**TRY IT:** Begin at the line where "Shrubs Ixora Coral Malay" appears and reproduce exactly every line through the end of the data below, both included, skipping pictures.

**DATA PROVIDED:**
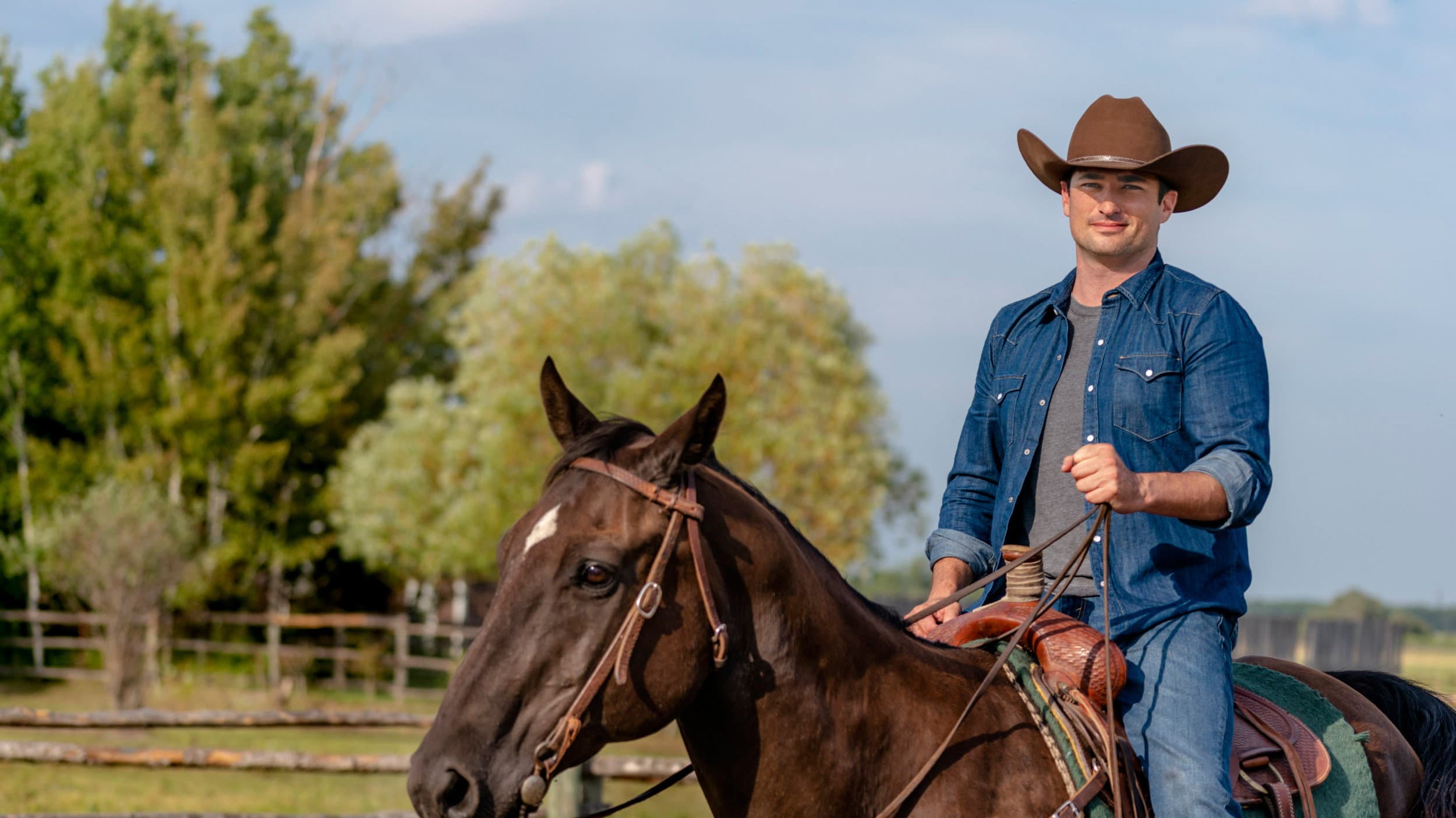 Amore a Harmony Ranch - immagine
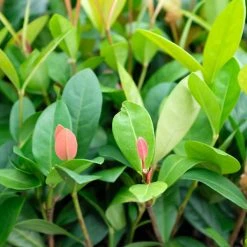 Shrubs Ixora Coral Malay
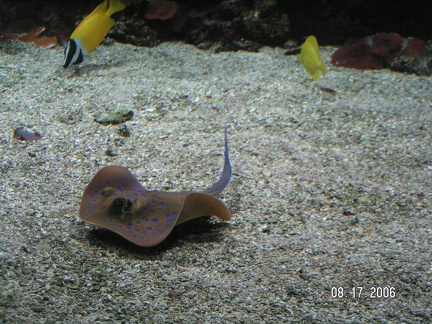 Oceanopolis-Aout-2008-0017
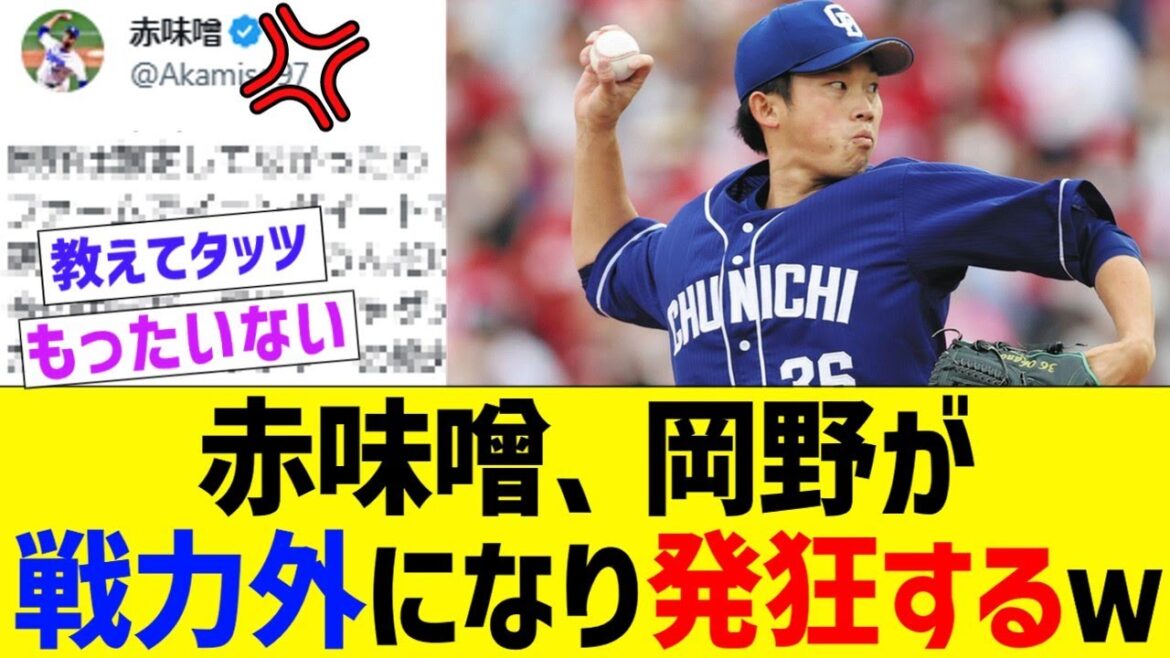 赤味噌、中日岡野戦力外に発狂する…【なんJ なんG野球反応】【2ch 5ch】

**WORKED SOLUTION:**
 Shrubs Ixora Coral Malay
 Oceanopolis-Aout-2008-0017
 赤味噌、中日岡野戦力外に発狂する…【なんJ なんG野球反応】【2ch 5ch】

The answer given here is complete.